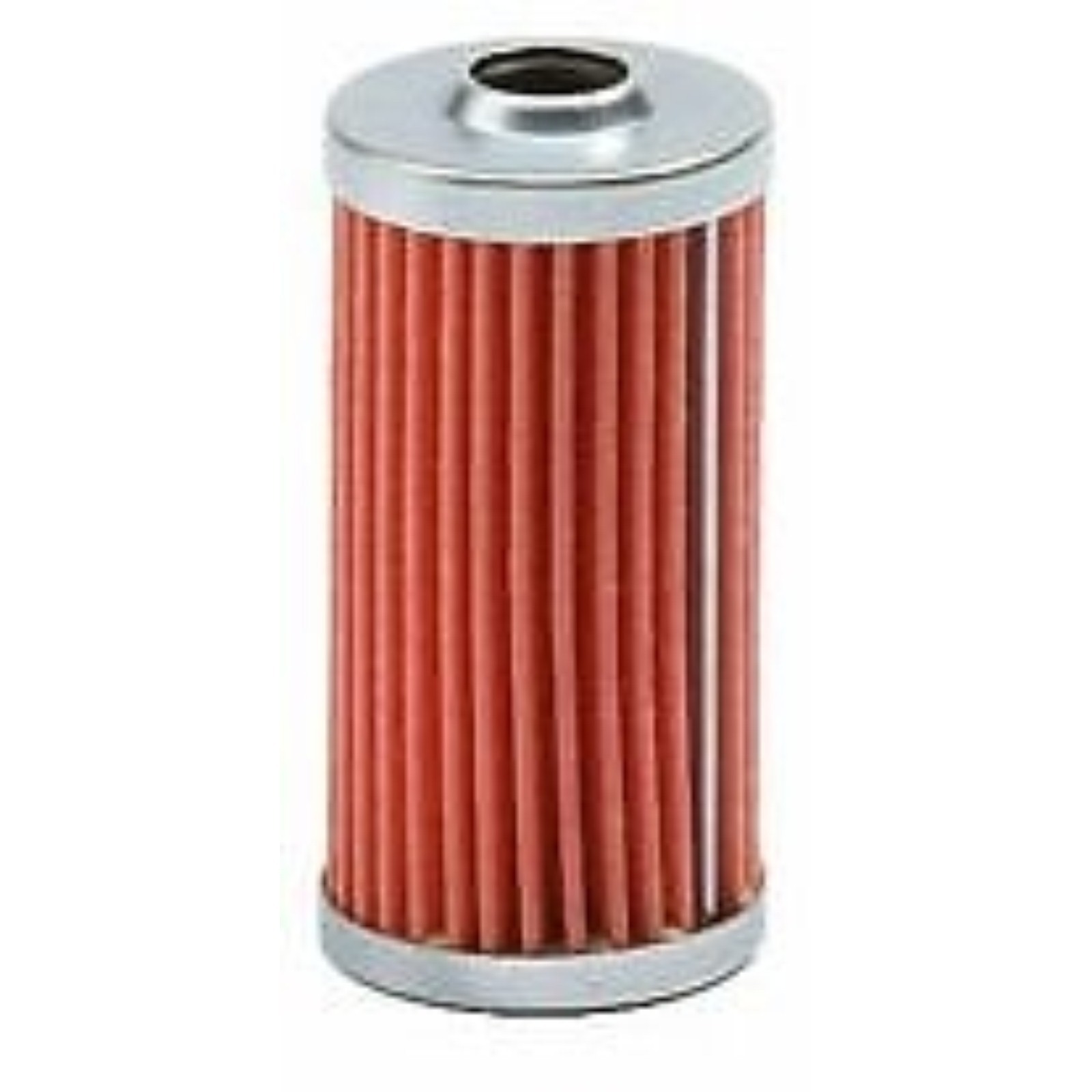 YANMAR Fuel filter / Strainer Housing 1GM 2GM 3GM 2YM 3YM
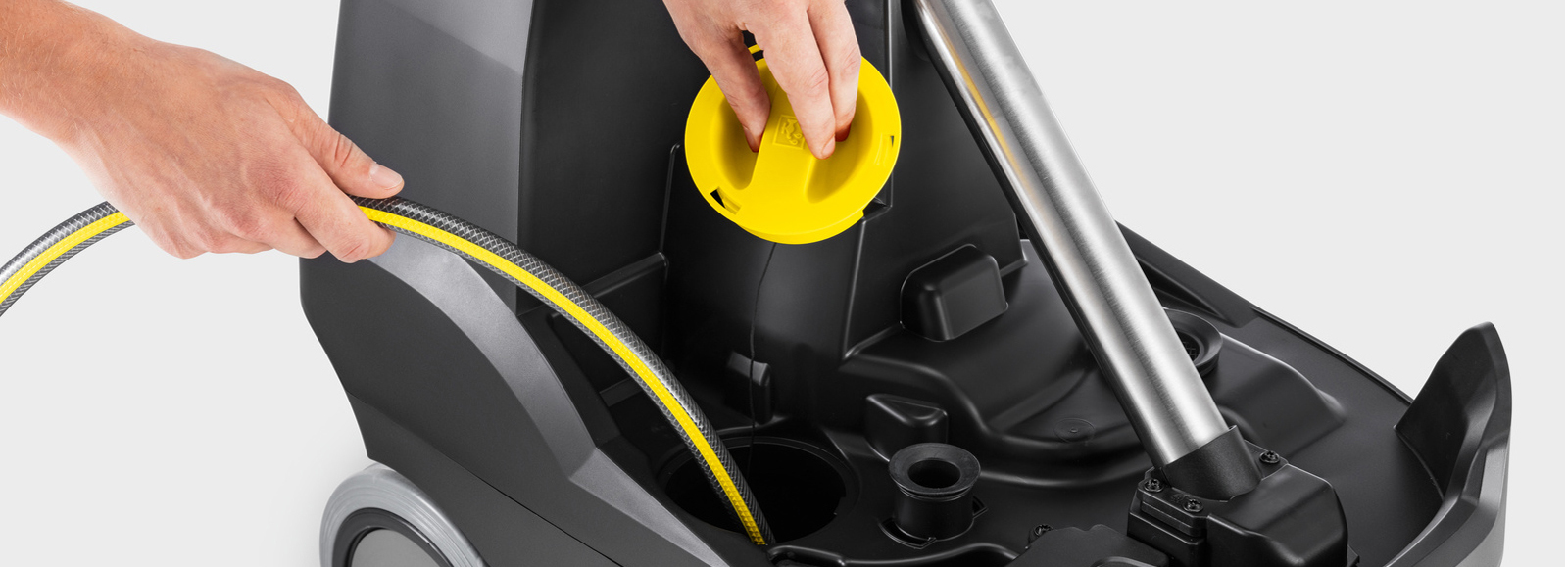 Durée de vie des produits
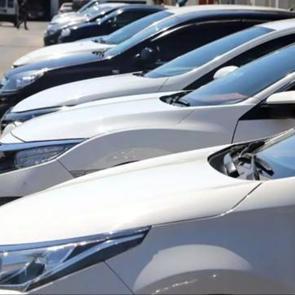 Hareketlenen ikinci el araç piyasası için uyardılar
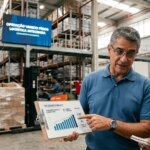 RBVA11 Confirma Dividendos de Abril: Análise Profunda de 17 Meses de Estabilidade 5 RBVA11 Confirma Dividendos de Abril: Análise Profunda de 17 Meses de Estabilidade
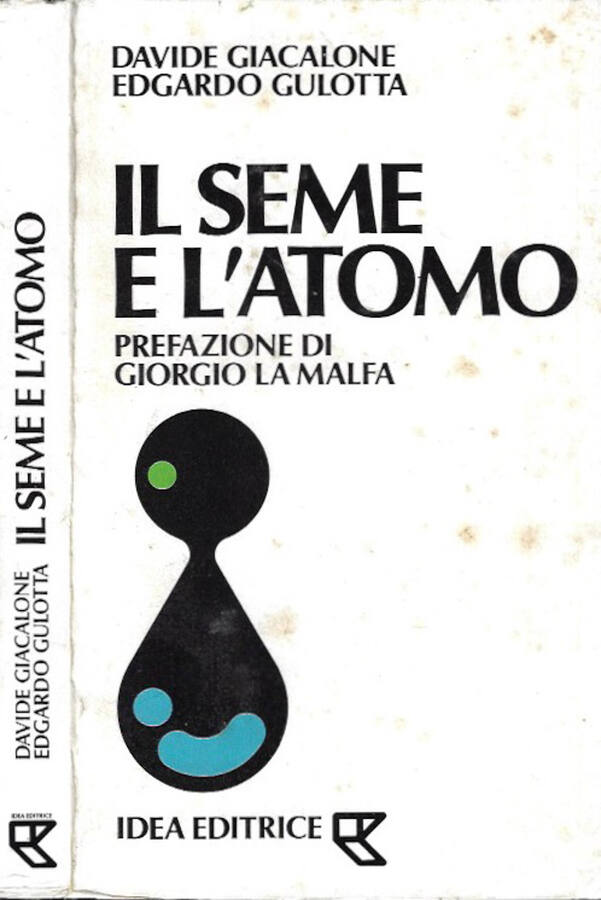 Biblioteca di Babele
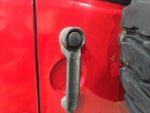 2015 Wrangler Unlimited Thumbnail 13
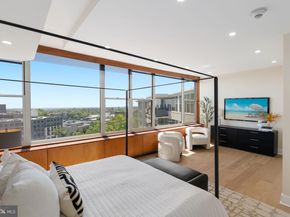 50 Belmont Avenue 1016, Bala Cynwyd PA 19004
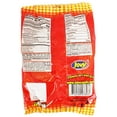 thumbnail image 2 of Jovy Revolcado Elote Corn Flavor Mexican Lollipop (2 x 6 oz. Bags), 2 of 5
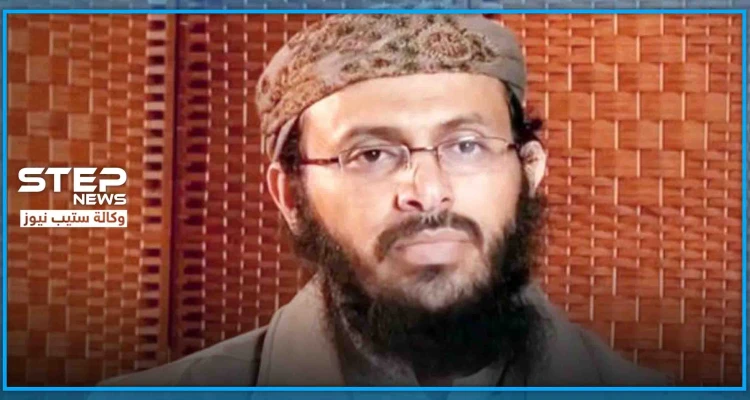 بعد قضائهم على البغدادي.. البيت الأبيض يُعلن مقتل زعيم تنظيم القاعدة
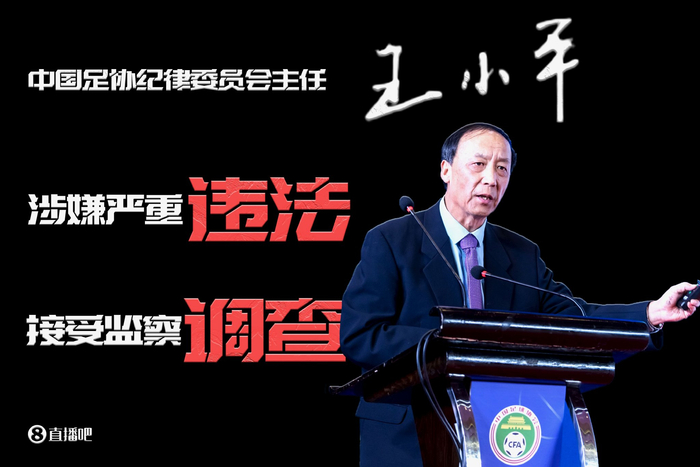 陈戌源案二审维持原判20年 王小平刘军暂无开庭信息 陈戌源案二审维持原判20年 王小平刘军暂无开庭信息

Work to be completed
Using the listing above, copy exactly the lines from the one that contains "thumbnail image 2" through its last line, both included, but not the pictures.

Problem solution
 thumbnail image 2 of Jovy Revolcado Elote Corn Flavor Mexican Lollipop (2 x 6 oz. Bags), 2 of 5
 بعد قضائهم على البغدادي.. البيت الأبيض يُعلن مقتل زعيم تنظيم القاعدة
 陈戌源案二审维持原判20年 王小平刘军暂无开庭信息 陈戌源案二审维持原判20年 王小平刘军暂无开庭信息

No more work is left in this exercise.